Police broke into the apartment of activist Ding Hongfen and took her away with no warrant, China Human Rights Defenders (CHRD) reported.
Friends who were visiting her told CHRD that seven or eight police broke in, refused to show a warrant when Ding and others asked, and “stormed the second floor.”
Ding, an activist against demolitions, illegal land grabs and black jails, had been free less than a month after being released from detention on bail March 19. She and four other activists were arrested on charges relating to a daring black jail rescue of petitioners last year.
During their eight month detention they were tortured, they told news media after their release. Ding said that police hooded her and then beat her for 12 hours.

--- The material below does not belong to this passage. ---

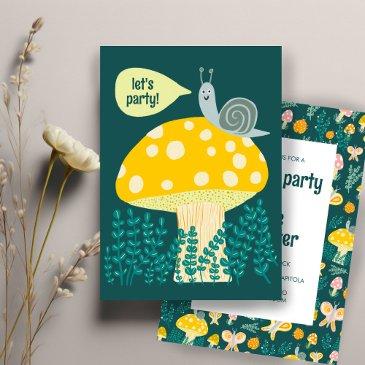 snail mushroom cute adorable custom birthday invitation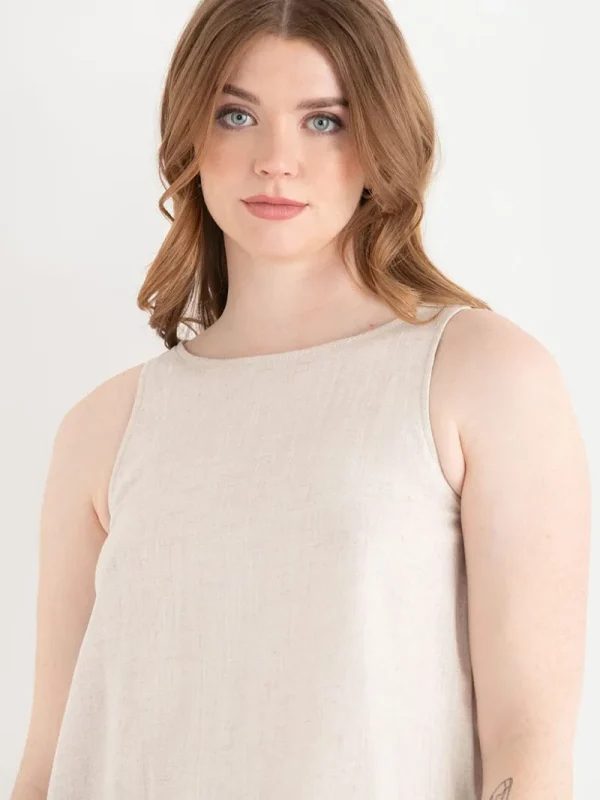 Ricki's Tees & Tanks*Linen Tank with Back Buttons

At midnight June 22 last year, Ding Hongfen and more than twenty other people rushed a black jail (the name for extralegal detention centers) housed in a hotel in Wuxi City, Jiangsu Province.
Forcing open the iron gates, they kicked in the doors and rescued five people being held there, including an 82 year old woman, and Ding’s father. The next day, Ding and others were arrested, and held until last month. Wuxi police rounded up another 20 people following the jail break. All have been charged with “gathering a crowd to disturb public order.”
Wuxi has about 100 illegal jails, which have taken the place of shut down re-education through labor camps, where activists and repeated petitioners are held with no administrative or legal accountability in “legal education centers.” These are often set up on an ad-hoc basis almost anywhere: in schools, military bases, research institutes, hotels, warehouses, police stations, as well as in abandoned houses.
Black jail abuses have come to public attention recently with the detention of four high profile human rights lawyers as they attempted to free Falun Gong practitioners held in a “legal education center” in Heilongjiang Province.